Ivo Radovniković

Personal information
- Date of birth: 9 February 1918
- Place of birth: Split, Austria-Hungary
- Date of death: 27 October 1977 (aged 59)
- Place of death: Split, SFR Yugoslavia
- Position(s): Midfielder

Youth career
- 1930–1936: Hajduk Split

Senior career*
- Years: Team / Apps / (Gls)
- 1936–1953: Hajduk Split / 117 / (23)

Managerial career
- 1955–1958: Hajduk Split (youth)
- 1958–1959: Hajduk Split
- Sloga Doboj
- 1963–1964: RNK Split

= Ivo Radovniković =

Croatian footballer and manager

Ivo "Ive" Radovniković (9 February 1918 – 27 October 1977) was a Croatian football player and manager.

==Playing career==
A native of Split, Radovniković joined local powerhouse Hajduk Split in 1930 at the age of 12, and debuted professionally for the club six years later in a match against SK Bata Borovo. In the next 17 years with the club he appeared in a total of 475 matches and scored 160 goals (including 117 appearances and 23 goals in the Yugoslav First League). With the club he won the Banovina of Croatia championship in 1941 and two Yugoslav First League titles in 1950 and 1952.

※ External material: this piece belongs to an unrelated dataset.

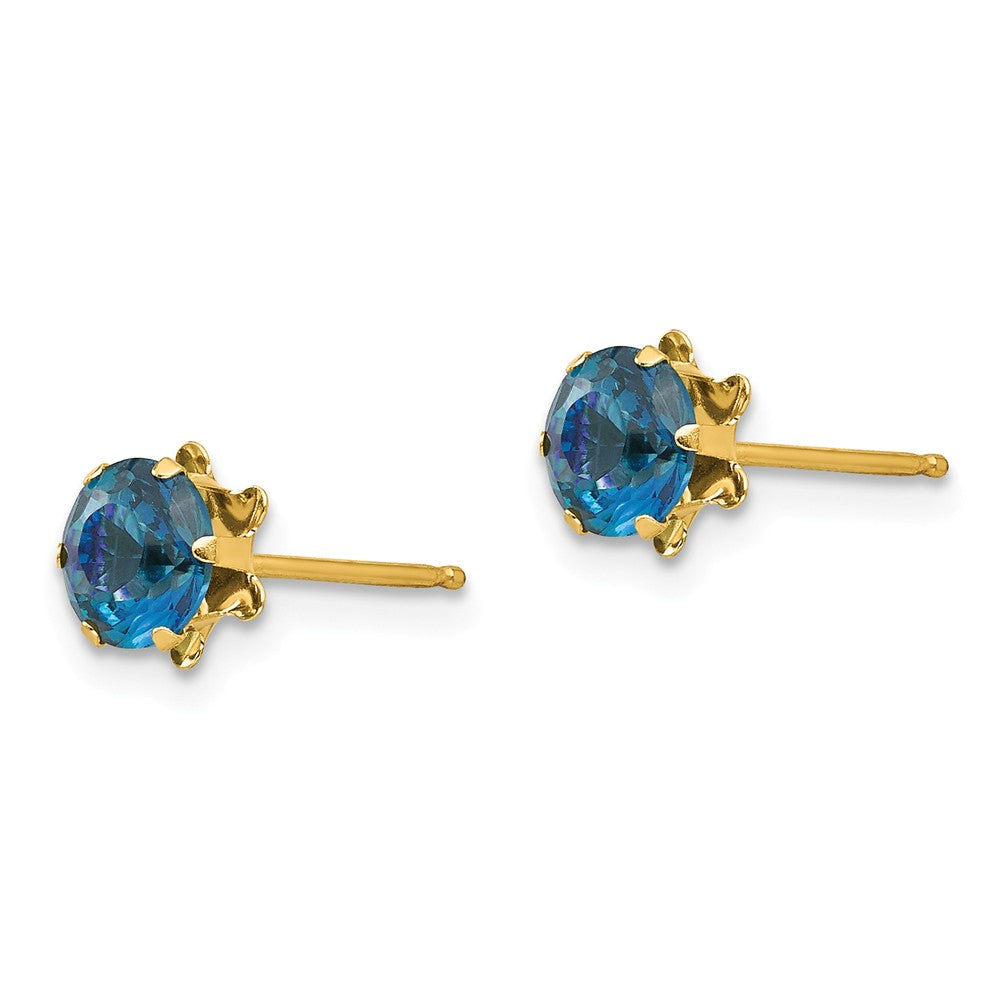 Alternate view of the Kids 5mm Synthetic Blue Topaz Birthstone 14k Yellow Gold Stud Earrings by The Black Bow Jewelry Co.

During World War II when Hajduk was briefly disbanded by the authorities he was one of the players who joined the re-established club in exile on the island of Vis (which was at the time stronghold of the Yugoslav Partisans) and where Hajduk played exhibition matches until the end of the war. He holds the distinction of appearing in 85 matches for the war-time Hajduk squad. Although he was never capped for Yugoslavia, he was member of the Yugoslav squad which competed in the 1950 World Cup in Brazil.

==Managerial career==
After retiring from football at the end of the 1952–53 season, he became a manager. He returned to Hajduk and managed their youth team from 1955 to 1958, before taking over as manager in the 1958–59 season and finishing seventh in the national championship. After that he had managing stints with several lower level sides, including Sloga Doboj and RNK Split.